But that did not count: it was not me that did it; it was a game and
I was acting a part.

"Only what if, dear God, there was some court that did not recognize
this defense, but simply wrote down everything as it happened; that
did not look into my heart, but simply noted the swastika armband?
Before that court I was in a wretched position. Dear God, where had I
gone wrong? What should I say to the judge who asked, 'You wear a
swastika armband and say that you do not want to. Then why do you
wear it?'"

Nazi propaganda, policies and terror had broken down traditional
support networks. You couldn't be sure whom to trust. Everyone could
be on the government payroll, or could turn into informants to save
their skins. And so arms went out in Nazi salutes, militarist songs
were sung at rallies and on the streets, "each one of us the Gestapo
of the others." In fear, individualism was crushed, leaving most
citizens to relate only to The Leader, or to their military units,
the comradeship offered by fascism.

Millions of Marks for a Loaf of Bread

Then there was the economic factor, the terror associated with having
no money with which to live. One reads Haffner's description of the
hyper-inflation crisis, but it's difficult to accept or
understand: "No other nation has experienced anything comparable to
the events of 1923 in Germany. All nations went through the Great
War, and most of them have also experienced revolutions, social
crises, strikes, redistributions of wealth, and currency devaluation.
None but Germany has undergone the fantastic, grotesque extreme of
all of these together; none has experienced the gigantic, carnival
dance of death, the unending, bloody Saturnalia, in which not only
money but all standards lost their value.

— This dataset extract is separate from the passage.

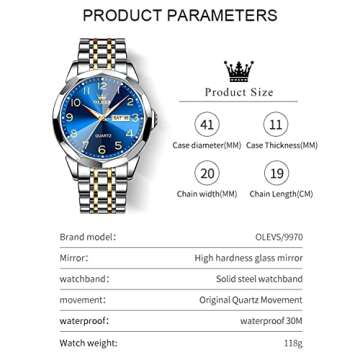 OLEVS Blue Luxury Men’s Watch - Waterproof & Diamond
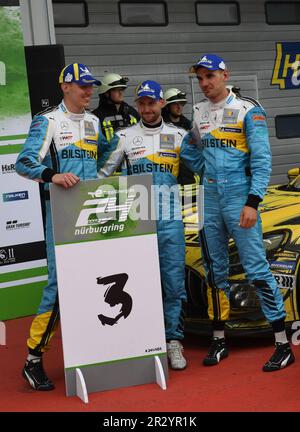 Nuerburg, Germania. 21st maggio, 2023. Nuerburgring, Germania, 21. 2023 maggio; 24 ore di gara al Nuerburgring, #4 Mercedes-AMG Team Bilstein (Raffaele Marciello, Luca Stolz, Philip Ellis) ha raggiunto il 3rd° posto dell'evento 2023 sul vecchio tracciato del Nurburgring. (Foto e copyright - Gerard T'Serstevens/ATP images) (SERSTEVENS Gerard/ATP/SPP) Credit: SPP Sport Press Photo. /Alamy Live News Foto Stock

" . . . Anyone who had savings in a bank or bonds saw their value
disappear overnight. Soon it did not matter whether it was a penny
put away for a rainy day or a vast fortune. Everything was
obliterated . . . A pound of potatoes which yesterday had cost fifty
thousand marks now cost a hundred thousand. The salary of sixty-five
thousand marks brought home the previous Friday was no longer
sufficient to buy a packet of cigarettes on Tuesday . . . In August,
the dollar reached a million [marks]. . . . In September, a million
marks no longer had any practical value . . . At the end of October,
it was a billion . . . The atmosphere became revolutionary once
again."

When citizens face uncertainty on this scale = and the fear and
dislocation that attend all such social traumas - a man on a white
horse promising to restore order has great appeal, even to some
staunch democrats.

There were other ingredients that went into the bubbling fascist vat:
the humiliating terms of the Versailles Treaty that were placed on
defeated Germany after World War I; the unceasing propaganda barrage
in the mass media, helping citizens to agree with the government; the
martial mentality that pervaded society. "From 1914 to 1918 a
generation of German schoolboys daily experienced war as a great,
thrilling, enthralling game between nations, which provided far more
excitement and emotional satisfaction than anything peace could
offer; and that is where [Nazism] draws its allure from: its
simplicity, its appeal to the imagination, and its zest for action;
but also its intolerance and its cruelty toward internal
opponents . . . Ultimately, that is also the source of Nazism's
belligerent attitude toward neighboring states. Other countries are
not regarded as neighbors, but must be opponents, whether they like
it or not."

And then there is the inexplicable mystique that surrounds such men
as Hitler that mesmerizes and lures millions into their web. "If my
experience of Germany has taught me anything, it is this: Rathenau
[who led a progressive government in 1921-22, and was then
assassinated by anti-Semitic thugs] and Hitler are the two men who
excited the imagination of the German masses to the utmost; the one
by his ineffable culture, the other by his ineffable vileness. Both,
and this is decisive, came from inaccessible regions, from sort
of 'beyond.' The one from a sphere of sublime spirituality where the
cultures of three millennia and two continents hold a symposium; the
other from a jungle far below the depths plumbed by the basest penny
dreadfuls, from an underworld where demons rise from a brewed-up
stench of petty-bourgeois backrooms, doss-houses, barrack latrines,
and the hangman's yard. From their respective 'beyonds,' they both
drew a spellbinding power, quite irrespective of their politics."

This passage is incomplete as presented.